Stuart Cunningham Jones died when the bus he was travelling in careered off the road and hit a tree near the village of Ystradowen in the Vale of Glamorgan in December 2002.
On Monday, an inquest jury returned a verdict of accidental death, believing the crash was happened because of interference with the steering wheel.
Campaigners have long argued that the current rules and regulations are a mess - with every local authority interpreting the law in their own way.
Now head teachers and bus companies are calling for political action to reform the way we transport children to and from school and hit a tree.
And a campaign organised by parents of pupils at Stuart's school - Cowbridge Comprehensive in the Vale of Glamorgan - want changes to the law to ensure:
The creation of a "safe route" for pedestrians and cyclists to go to school
Dr Chris Howard is head teacher of Lewis Pengam School in Bargoed, and a member of Stuart's Campaign.
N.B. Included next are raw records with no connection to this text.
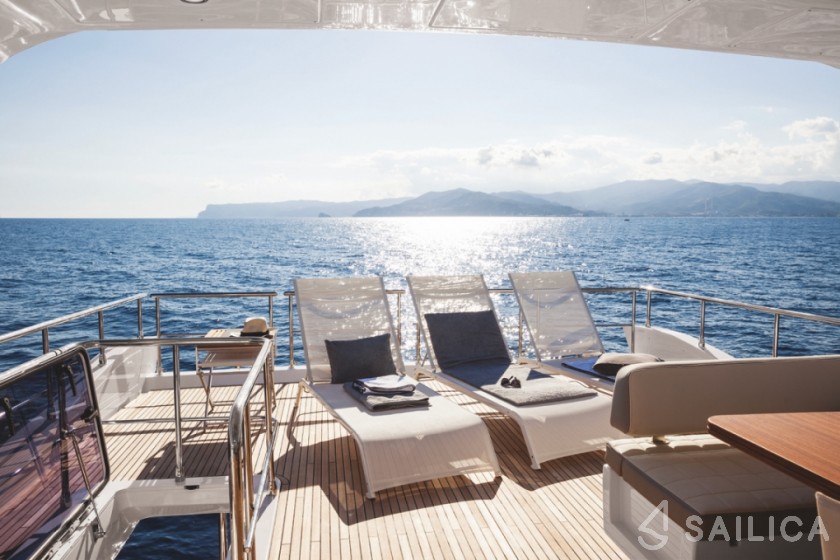 Azimut 72 - Yacht Charter Sailica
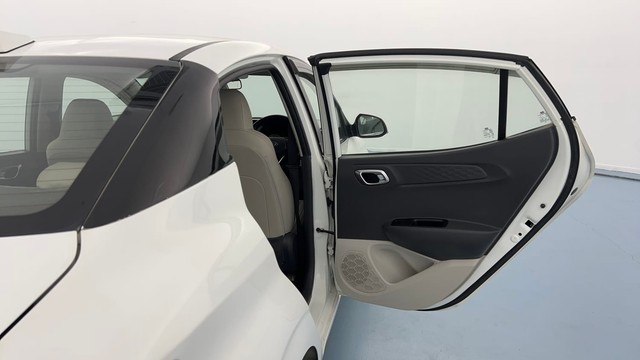 Second-hand 2020 Hyundai Aura SX Plus AMT Diesel for sale in Lucknow-24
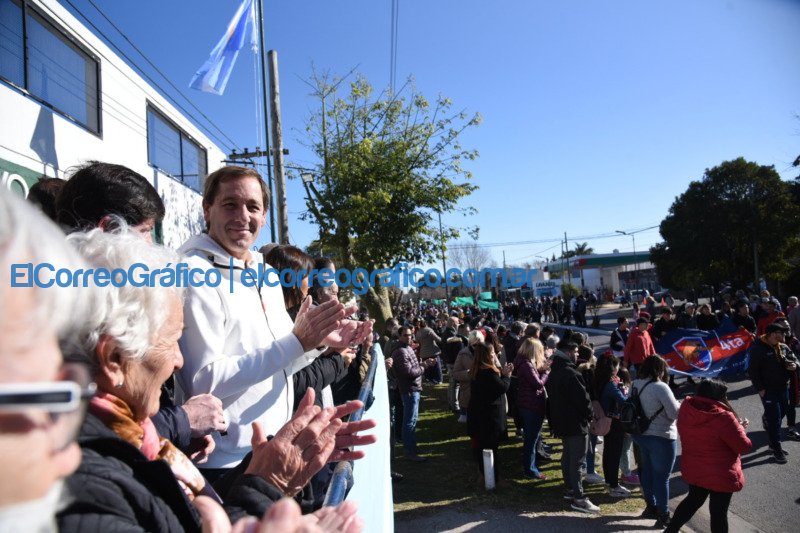 Jornada festiva por los 134 anos de Hernandez 5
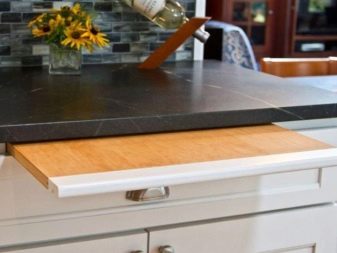 Висувний стіл на кухні (36 фото): кухонний гарнітур з висувним столом на коліщатках для маленької кухні, інші варіанти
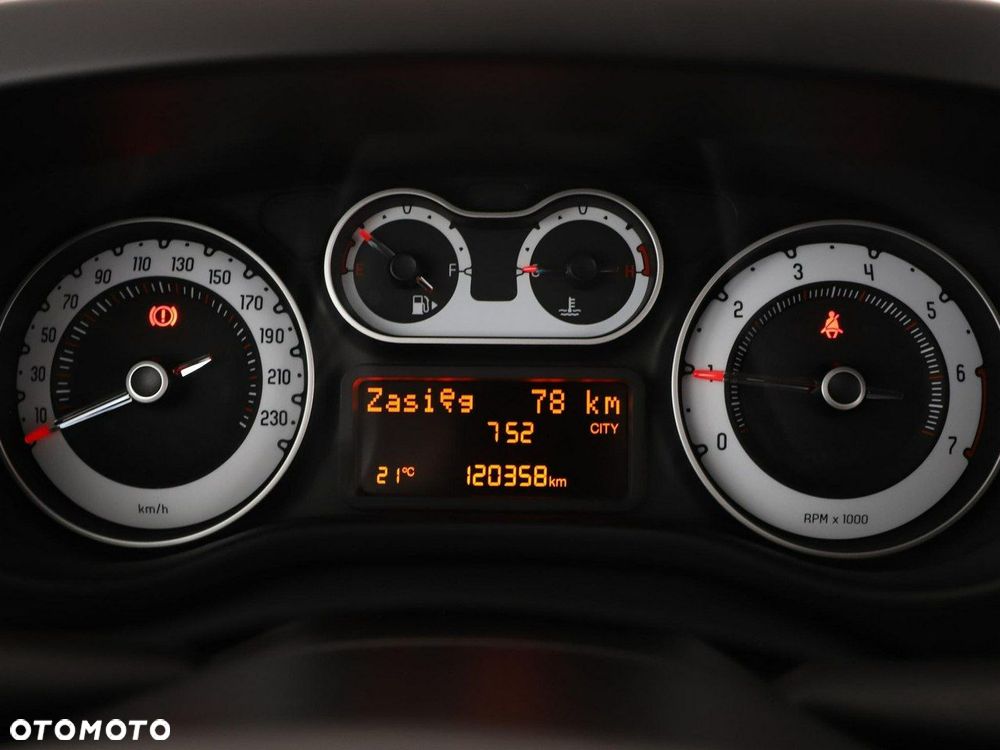 Fiat 500L 1.4 16V Trekking - 23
He wants changes to current rules which allow three children aged 14 or under to sit on a bus seat designed for two adults.
His daughter Bethan was a passenger on the bus travelling from Cowbridge Comprehensive through Ystradowen - where both the Cunningham-Jones family and his own live - when it left the road and crashed, killing Stuart.
"The evening of the crash was one of the worst of our lives, as you can imagine," he recalled.
"Then I had to confront the reality of being responsible for my own school's transport the next day.
"When I began to look into where my own personal responsibility as a head teacher lay, I realised there were huge gaps in the law."
He said that the campaign group were told by government ministers that nothing could be done until the inquest established exactly how and why Stuart died.
"Now that we know what happened on the bus that day, they can begin a review," said Dr Howard.
"We would hope they would take very seriously our demands... that seatbelts are employed on all school runs and supervisors or CCTV cameras are used to provide some kind of supervision other than the driver.
Trevor Roberts said bus drivers have to drive and try to control pupils
"That would make things much better for children all across the UK."
Currently, only three counties in Wales have supervisors on buses to and from secondary schools, and then only on selected or problem routes.
Trevor Roberts, managing director of Newport Transport said: "What we are looking for really is some supervision, a bus marshal.
"The kids think it's funny to mess about. It's very hard for a driver on his own to make them sit down, and if he does, it delays the bus getting them home."
He would like to see somebody with the authority to keep children in their seats "without being challenged all the time, and sued" put in place on buses.
However, he added: "At the end of the day, somebody has to pay for it."